Question

Let \(\bar{x}\) be the observed mean of a random sample of size \(n\) from a distribution having mean \(\mu\) and known variance \(\sigma^{2}\). Find \(n\) so that \(\bar{x}-\sigma / 4\) to \(\bar{x}+\sigma / 4\) is an approximate \(95 \%\) confidence interval for \(\mu\).

Short answer

The sample size should be \(n = 62\) to obtain the desired confidence interval.

Step-by-step solution

Understand the Basic Concept of Confidence Interval

Normally, a \(95\%\) confidence interval for the mean with known variance \(\sigma^{2}\) is given by \(\bar{x} \pm Z_{\alpha/2} \cdot \frac{\sigma}{\sqrt{n}}\), where \(\bar{x}\) is the sample mean, \(Z_{\alpha/2}\) is the z-value for a significance level of \(\alpha/2\), and \(n\) is the sample size. The value of \(Z_{\alpha/2}\) for a \(95\%\) confidence is approximately \(1.96\). However, in this case the interval is given by \(\bar{x} \pm \frac{\sigma}{4}\).

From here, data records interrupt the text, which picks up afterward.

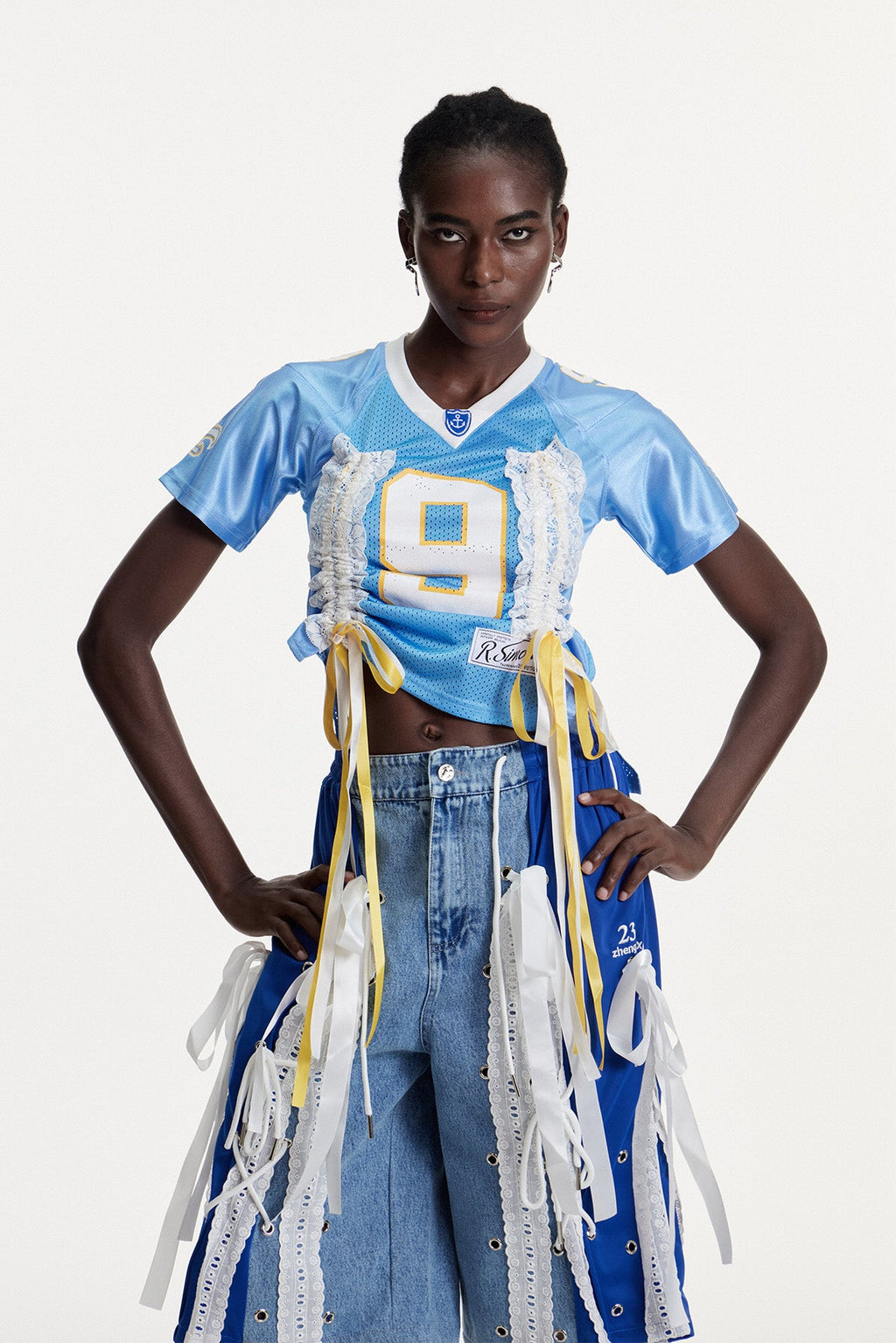 Connie Drawsting Print T Shirt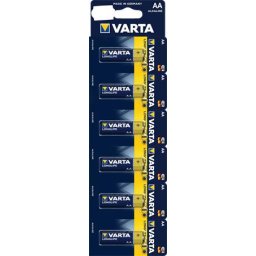 VARTA Elem, AAA mikro, 6 db, egyesével téphető, VARTA "Longlife Kartella"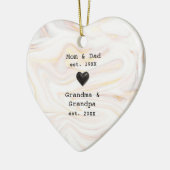 Mama papa Opa Opa Roze Goud Marmer Keramisch Ornament (Links)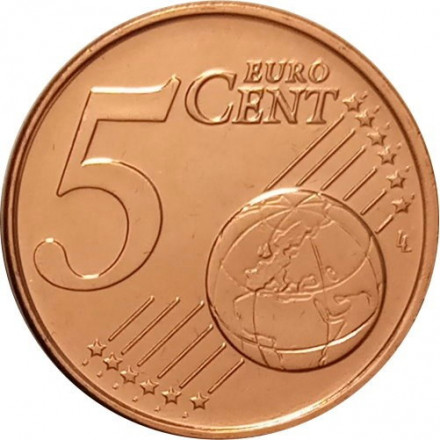 Латвия 5 евроцентов 2014 год UNC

The task, then, will be to equate these two statements and solve for \(n\).

Set Up the Equation

The equation comes from equating the two ways of creating the confidence interval: \[\frac{\sigma}{4} = Z_{\alpha/2} \cdot \frac{\sigma}{\sqrt{n}}\] Becaue we're dealing with a \(95 \%\)-confidence interval, \(Z_{\alpha/2}\) is approximately \(1.96\)

Solve the Equation for n

First, cancel out the \(\sigma\) on both sides of the equation: \[\frac{1}{4} = 1.96 \cdot \frac{1}{\sqrt{n}}\] Then solve for \(n\) by squaring both sides and taking the reciprocal: \[n \approx \left(\frac{1.96}{0.25}\right)^2 = 61.4656\] Because the sample size must be an integer, we round up to \(n = 62\)